Of course, Molly does herself no favors by talking about ghosts instead of just telling people that Heather is spending all her time in gross, dangerous places where multiple people have died. I didn’t remember how dumb she was.
After slogging through the majority of the book, I finally got to the end where Helen actually does some scary stuff and it’s up to Molly to save Heather, showing her love for her so they can finally become real sisters. This part is fine, and although it isn’t scary to me now, it’s probably a good level of scary for an 8- or 10-year-old.

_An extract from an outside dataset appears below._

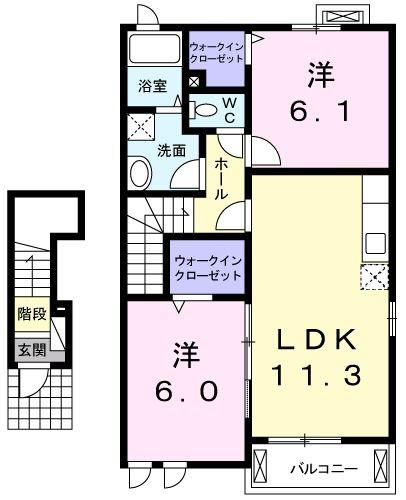 ハッピーバードII(2LDK/2階)の間取り写真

Maybe the length was intended to develop Heather’s character, but I can’t help feeling that the book would be so much better if there were half as many incidents of Michael, Heather, Dave, and Jean ganging up on Molly.
Saturday, January 26, 2013
This is a comic adaptation of some stories by Thomas Ligotti, who is apparently famous. In my original review of this book, I said it was confusingly terrible, but after doing further research I have to say that I just don’t understand Ligotti’s vision and he would probably want someone like me to have the reaction I did. From this sample of four, I can say that Ligotti’s idea of a horror story goes something like this:
An underdeveloped male character, probably kind of depressed and studious, hears about something bad. A big group of people do something mysterious. Something scary and disturbing is seen. The protagonist is a little creeped out but ultimately just miserable. At the end of the story he’s even more depressed and makes a comment about how his sanity is lost forever.
I am a dull person and I guess I enjoy by-the-numbers horror. To me the scariest part of a horror story is usually the explanation or realization of the horror. Whenever a disturbing image would appear in Ligotti’s stories, I would get excited for the reveal of where the image came from or what it signified, but instead the main character would just reveal how depressed and miserable he was.
When I internet researched Thomas Ligotti he seemed like a respectably consistent guy who, rather than failing to write what I expected from a horror story, is just pursuing entirely different goals. He says that he’s very depressed, hates everything, isn’t interested enough in real life to write realistic characters, and only wants to communicate how much he hates everything and thinks life is meaningless. He actually seems like a nice guy.
I wouldn’t read any more of his writing, but I did think the second and third story in the graphic novel had interesting art, and the art in the fourth story was beautiful.